At the end of April, the first buds of Maojian tea are harvested in Xinyang, Henan province. The buds and leaves are picked together in the morning, then dried and processed into tea the same day.

Maojian is one of the last spring green teas to be harvested, after Biluochun from Suzhou, Jiangsu province, Longjing from Zhejiang province, Taiping Houkui from Anhui province and Maofeng from Huangshan Mountain, also in Anhui.

Early March to the end of April is the busiest spring sales season for Li Gang, general manager of the Yuanchanghou Tea Co, founded in 1912 and a time-honored brand in Beijing.

“To get the mingqiancha to Beijing as quickly as possible, we send employees to wait at the tea farms and get the tea on the road as soon as it’s ready,” Li said.

Mingqiancha — teas harvested before Qingming, or Tomb Sweeping Festival — are always on Chinese tea drinkers’ radar as the teas have the freshest flavor. Despite being very expensive, new batches always sell out quickly.

Makers of blended teas and tea drink brands also pursue spring teas and develop new drinks based on these together with ingredients that have a taste of spring, including sakura (cherries), honeydew melons and mulberries.

According to Li, “mingqiancha” usually refers to the first batches of early spring tea, which are usually but not always picked before April 5.

“The first buds are slowly grown over a whole winter. They have a better flavor than the later batches which can be grown (very quickly),” Li said. “The price of the tea per batch also falls over time.”

He added that the best tea-picking conditions are sunny days when the temperature is between 20 and 25 C. 

Experienced pickers know the right time to pick the teas, and they have a good understanding of the requirements for certain grades and qualities.

“The tea pickers’ work is quite hard as the trees are usually planted in remote areas, so they have to leave home before dawn so they can start picking at around 8 am. The soil in the mountains is soft after rain, which can make it dangerous work,” Li said.

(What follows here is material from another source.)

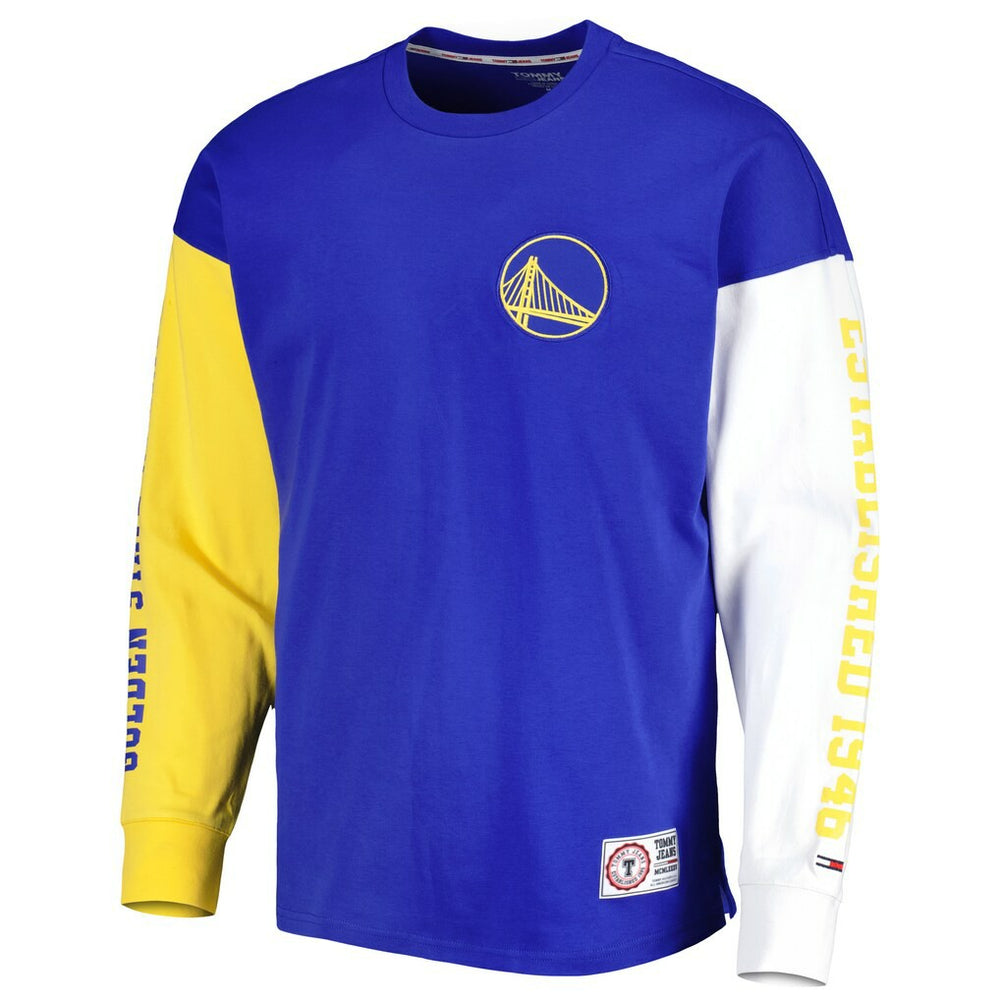 Golden State Warriors Tommy Jeans Richie Color Block Long Sleeve T-Shirt Royal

Farmers pick the Houkui tea in Huangshan, Anhui province, this month. (SHI YALEI / FOR CHINA DAILY)

Even skillful workers can only pick around 3 kilograms of fresh tea a day, and 2 kilograms of fresh Taiping Houkui leaves will only result in about 500 grams of tea, according to Li. “For Biluochun, about 70,000 fresh buds will make 500 grams of tea,” he said.

Tea trees are always planted alongside fruit trees or flowers to add extra flavor to the tea. “Biluochun has a fruity flavor and Taiping Houkui has an aroma of orchids,” Li said.

“Customers in Beijing are more familiar with jasmine tea. In recent years green teas have become increasingly popular in the capital’s market.” 

TWG Tea, a Singaporean luxury tea house chain which has a namesake artisanal tea brand, launched a limited-edition blend named Green of Fujian for the spring season.

Maranda Barnes, director of communications and co-founder of TWG Tea, said even though different countries launched products at different times under various lockdown situations, the product has been one of the company’s most popular spring launches.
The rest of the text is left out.